Several design approaches are available to deal with flexibility in robotic systems. The brute-force approach is to make the robot's structural and drive members more massive and rigid. But in this approach the resulting large inertial forces require large actuators and the cost becomes high. Instead, system integrators are installing motor controllers to cancel excited vibrations in the robot.

Researchers at CAMotion Inc. (Atlanta, GA) have developed an optimized filter to fix these vibrations. However, their approach requires prior knowledge of the system's natural frequencies. These frequencies must be measured to be adjusted as the robot's arm moves to different places in the work space or to impose longer operational delays to reduce sensitivity to natural frequency variations. By coupling this command filtering with learning control on repetitive motions, the errors between commanded and achieved positions are reduced.

Developed by Steve Dickerson, founder of Dickerson Vision Technology, now DVT Corp. (Norcross, GA), CAMotion has embedded its motion-control algorithms in a series of scalable computer-controlled x-y-z gantry systems. To locally control the axes of these robotic systems, the company has built a remote-axis serial-interface device (RASID) that consists of a DSP-based motor controller with supervisory control provided by a PC. In operation, the RASID receives reference trajectories and learned feed-forward motor currents from the PC via a USB interface. It then performs proportional-plus-derivative control of linear or rotary permanent magnet drives.

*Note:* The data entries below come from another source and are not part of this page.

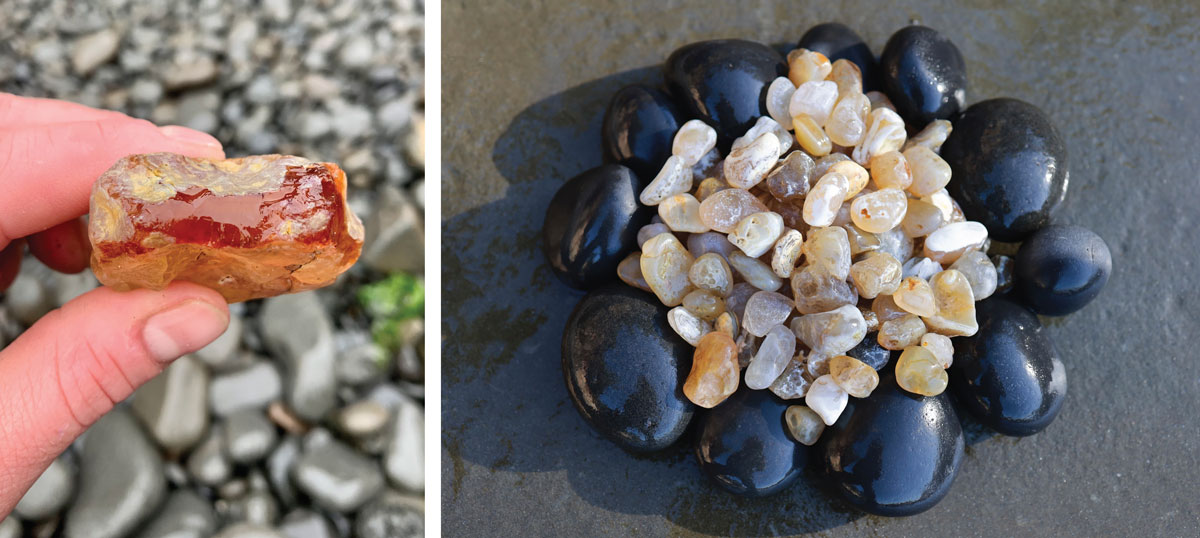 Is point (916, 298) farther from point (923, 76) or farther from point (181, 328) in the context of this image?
point (181, 328)

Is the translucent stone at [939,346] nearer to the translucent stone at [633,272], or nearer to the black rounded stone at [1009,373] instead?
the black rounded stone at [1009,373]

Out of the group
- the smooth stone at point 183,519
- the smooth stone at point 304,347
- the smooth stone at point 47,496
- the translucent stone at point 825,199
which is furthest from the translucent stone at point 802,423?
the smooth stone at point 47,496

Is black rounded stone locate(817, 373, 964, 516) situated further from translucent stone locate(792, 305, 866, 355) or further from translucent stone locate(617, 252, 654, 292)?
translucent stone locate(617, 252, 654, 292)

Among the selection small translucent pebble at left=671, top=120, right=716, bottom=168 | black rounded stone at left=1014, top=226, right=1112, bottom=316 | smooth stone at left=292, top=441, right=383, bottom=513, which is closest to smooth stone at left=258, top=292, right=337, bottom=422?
smooth stone at left=292, top=441, right=383, bottom=513

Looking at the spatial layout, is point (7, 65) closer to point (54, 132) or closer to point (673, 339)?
point (54, 132)

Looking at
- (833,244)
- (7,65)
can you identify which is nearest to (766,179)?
(833,244)

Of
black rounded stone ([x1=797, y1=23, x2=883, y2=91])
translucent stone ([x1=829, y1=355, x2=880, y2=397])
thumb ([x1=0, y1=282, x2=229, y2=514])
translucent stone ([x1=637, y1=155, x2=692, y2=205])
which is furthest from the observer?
black rounded stone ([x1=797, y1=23, x2=883, y2=91]) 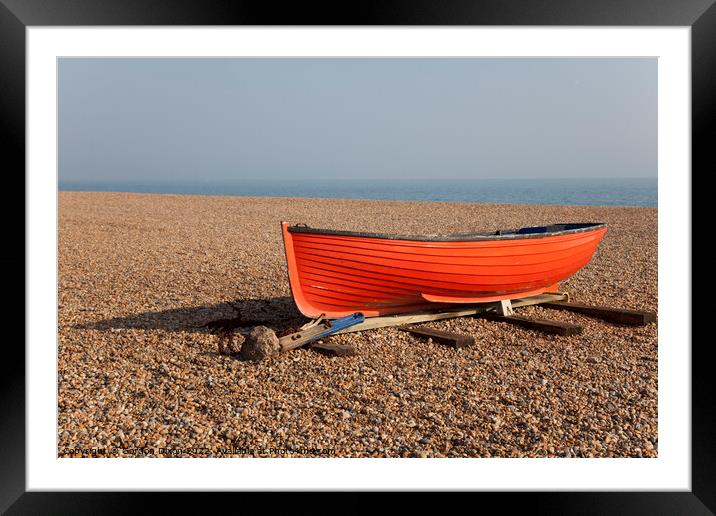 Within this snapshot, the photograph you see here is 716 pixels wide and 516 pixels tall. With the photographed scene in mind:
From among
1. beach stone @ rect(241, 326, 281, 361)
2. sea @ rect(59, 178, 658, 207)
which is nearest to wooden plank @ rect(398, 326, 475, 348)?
beach stone @ rect(241, 326, 281, 361)

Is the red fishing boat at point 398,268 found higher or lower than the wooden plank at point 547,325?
higher

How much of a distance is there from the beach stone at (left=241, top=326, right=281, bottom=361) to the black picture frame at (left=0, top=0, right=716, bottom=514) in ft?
8.86

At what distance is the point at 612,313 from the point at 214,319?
5.09 meters

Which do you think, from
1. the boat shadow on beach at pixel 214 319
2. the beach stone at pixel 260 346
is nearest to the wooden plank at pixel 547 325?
the boat shadow on beach at pixel 214 319

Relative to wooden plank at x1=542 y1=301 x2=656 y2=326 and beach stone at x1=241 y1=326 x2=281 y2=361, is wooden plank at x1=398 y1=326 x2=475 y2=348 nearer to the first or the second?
beach stone at x1=241 y1=326 x2=281 y2=361

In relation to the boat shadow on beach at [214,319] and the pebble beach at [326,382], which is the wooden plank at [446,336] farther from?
the boat shadow on beach at [214,319]

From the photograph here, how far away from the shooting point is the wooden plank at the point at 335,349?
628 cm

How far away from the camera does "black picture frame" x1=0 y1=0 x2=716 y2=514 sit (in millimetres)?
3422

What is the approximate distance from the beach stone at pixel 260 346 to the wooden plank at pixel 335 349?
448 millimetres

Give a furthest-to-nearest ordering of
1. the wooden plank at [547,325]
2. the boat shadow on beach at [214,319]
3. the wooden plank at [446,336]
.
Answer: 1. the boat shadow on beach at [214,319]
2. the wooden plank at [547,325]
3. the wooden plank at [446,336] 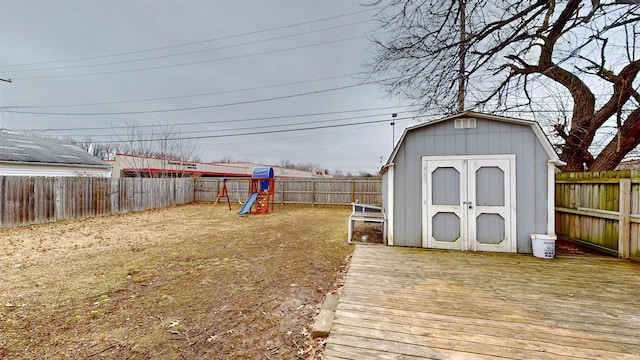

CAMotion has installed a motion-control system at Vulcan Electro-Coating (Bessemer, AL), a company that provides both cathodic electrodeposition coating and powder coating of metallic parts for the automotive industry. The CAMotion system inspects the paint quality of automotive parts and then packs the parts in cardboard shipping containers. Parts inspection is performed in less than five seconds per part with the acquisition and analysis of as many as 24 images of each part. The packing machine can handle more than 500 parts per container and can load parts every four seconds. According to Dickerson, defects as small as 0.02 in. can be detected on the 36-in.-long parts.